El sepulcro vacío y la ausencia del cadáver del Maestro… no demuestran nada. Los primeros «remisos» en creer que el Señor estaba vivo fueron los propios discípulos. Lo que les contasen las mujeres (y sobre todo ellas) u otros testigos… no era suficiente. La fe no es creer lo que otros han vivido, o nos han contado, sino tener nuestra PROPIA EXPERIENCIA PERSONAL, habernos encontrado con él, experimentar que está vivo y me salva. Este el centro de nuestra fe.

Algunas sencillas pistas que podrían facilitar esta experiencia, atendiendo a la experiencia de los primeros discípulos:

En primer lugar sienten a Jesús como uno de ellos cuanto están reunidos «en su nombre». Es decir, en la COMUNIDAD. Por libre no hay nada que hacer. Hay que estar entre los suyos, con los suyos y aceptar ser de los suyos.

En segundo lugar, la EUCARISTÍA. Cuando hacen lo mismo que él hizo, parten el pan, beben la copa y se comprometen a vivir su mismo estilo de vida, él se les hace presente. Con el paso del tiempo, algunos podrán llegar a decir como san Pablo: «Ya no soy yo el que está vivo, sino que es Cristo quien vive en mí». Cada discípulo de Jesús se irá transformando en otro Cristo que seguirá haciendo las mismas cosas que hizo entonces.

En tercer lugar, CUANDO ORAN, dejándose cuestionar por lo que Jesús había dicho y hecho. Cuando escuchan con el corazón, como María, y no sólo con la cabeza, para llevarlo a la vida. Cuando preguntan a las Escrituras: Señor, ¿qué tengo que hacer para entrar en el Reino? ¿cuál es tu voluntad sobre mí?. Cuando se van atreviendo a hacer suyas las oraciones que otros hicieron antes y fueron escuchados: Si quieres, puedes curarme; Señor, que vea; Señor, mi hija está muy enferma; Soy un pecador, he pecado contra el cielo y contra ti» y tantas otras.

Y también, cuando impulsados por la misericordia, reconocen al Señor en aquellos con los que especialmente él quiso identificarse: Quien acoge a uno de estos niños, a mí me acoge; y el que dé de comer al hambriento, de beber al sediento, el que viste al desnudo, el que hace compañía al enfermo, el que acoge a un refugiado … a él se lo hacemos.
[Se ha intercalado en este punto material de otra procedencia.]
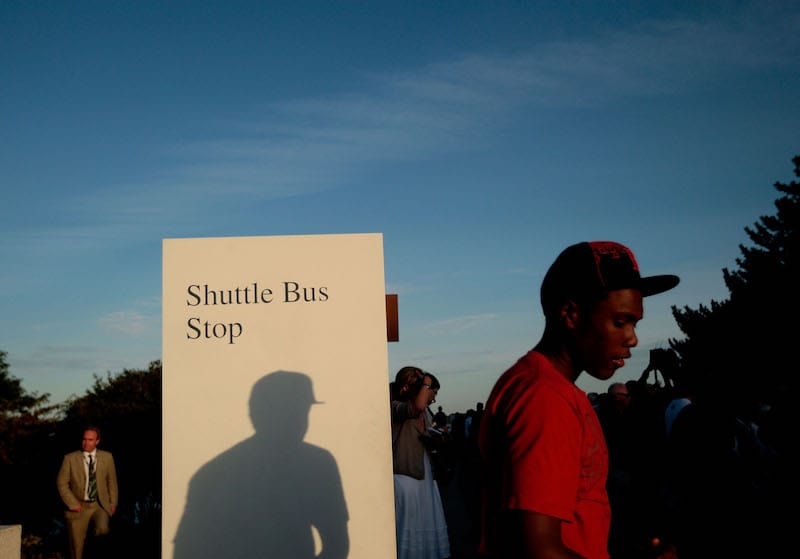 A teen waits near a bus stop outside the John F. Kennedy Presidential Library in Boston, Massachusetts. (Getty Images)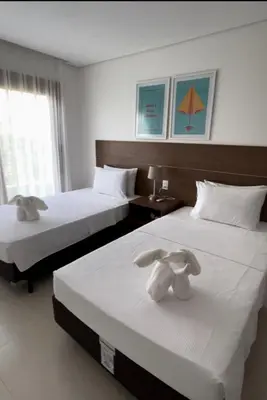 Uma cama ou camas num quarto em Resort Coral Beach - Casa 18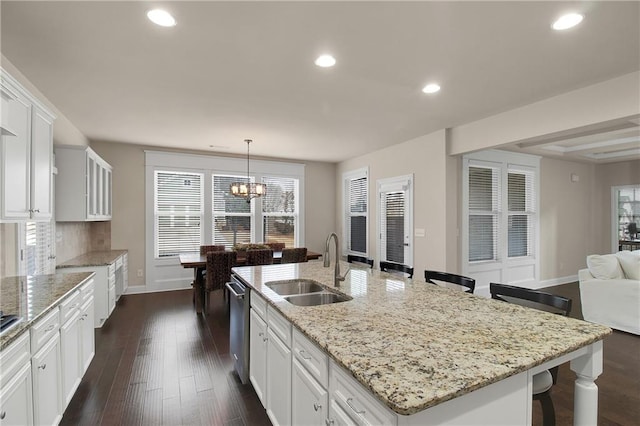 kitchen featuring an island with sink, sink, white cabinets, a kitchen breakfast bar, and hanging light fixtures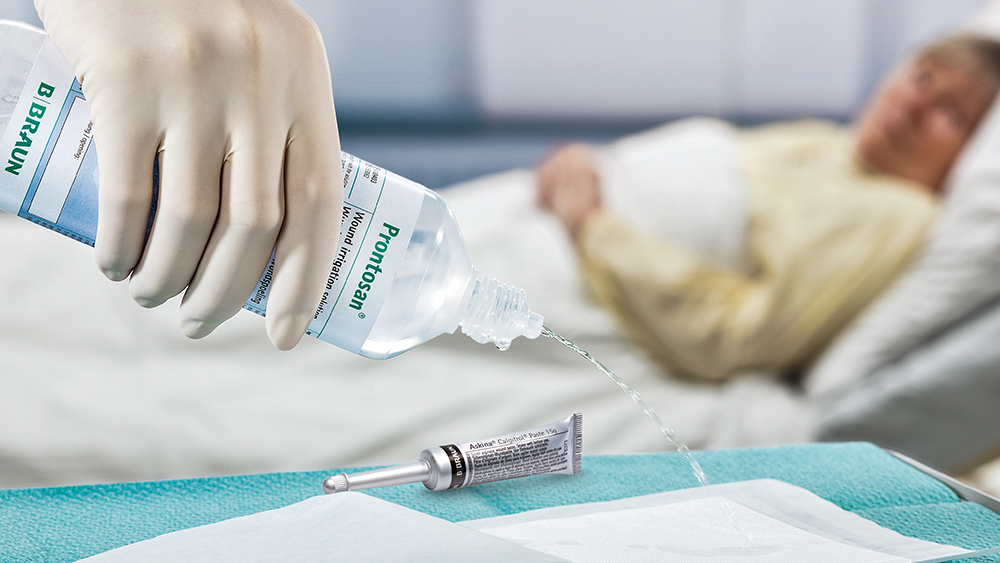 Eine Hand mit Handschuh hält eine Flasche Prontosan und drückt die Flüssigkeit auf ein großes Pflaster. Auf dem Tisch liegt eine Ashkina-Tube. Im Hintergrund liegt ein Patient im Bett.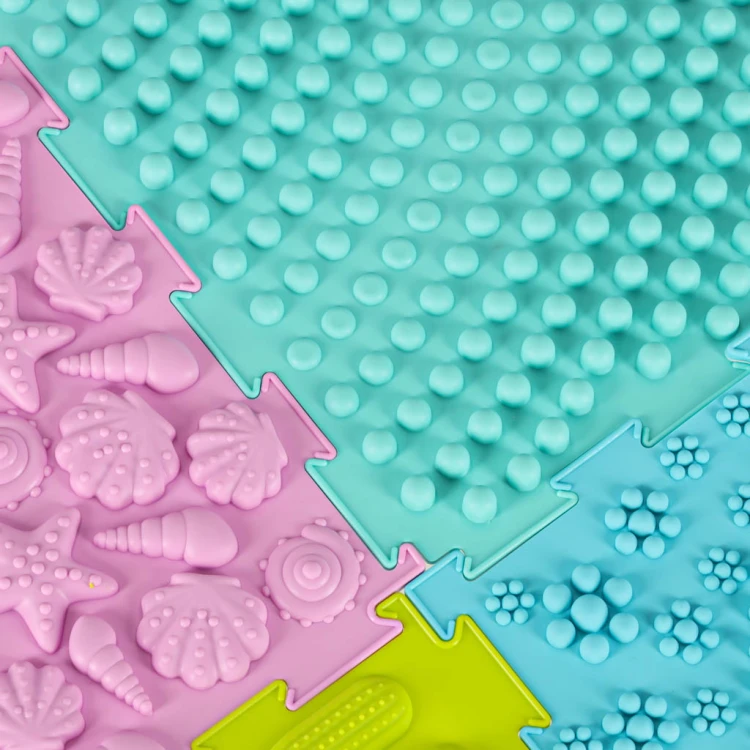 Mata sensoryczna puzzle montessori do masażu stóp 8 elementów pastelowe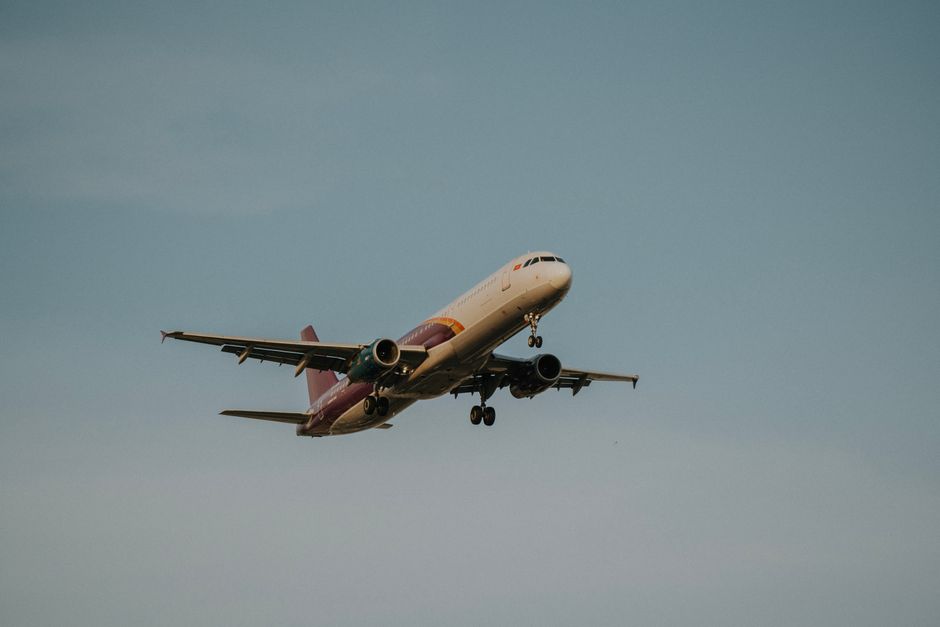 A commercial airplane flying against a clear blue sky, showcasing travel and aviation.
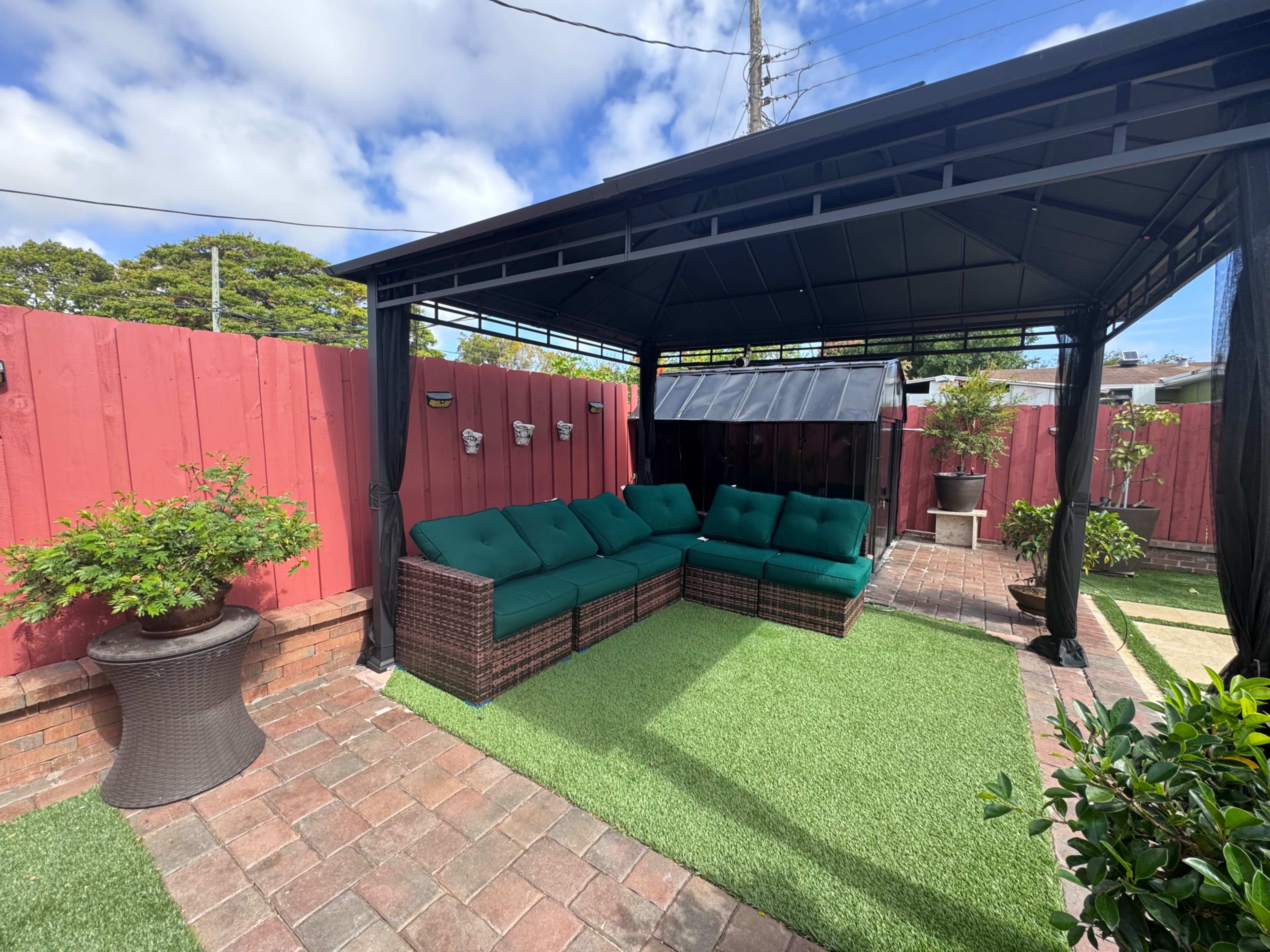 Spacious Backyard with Pool and Outdoor Kitchen Image in Pompano Beach, Pompano Beach, FL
Ahí le seguimos encontrando.

Os decía antes que la experiencia de que Cristo había resucitado fue poco a poco. Y también los apóstoles fueron cambiando, haciéndose hombres nuevos, poco a poco. Por eso la Iglesia celebra este día de Pascua durante 50 días, como diciendo: ya irás resucitando. Y aún más: el último empujón resucitador, el que abrirá nuestras puertas cerradas, nuestros corazones de piedra nos lo dará el Espíritu del Resucitado, el Espíritu Santo.

Por eso: oremos con insistencia durante todo este tiempo pascual, deseando resucitar, deseando que el Señor nos resucite (no es cosa de nuestra voluntad) y repitamos a menudo: ¡Ven, Espíritu Santo! Una de las mejores oraciones posibles.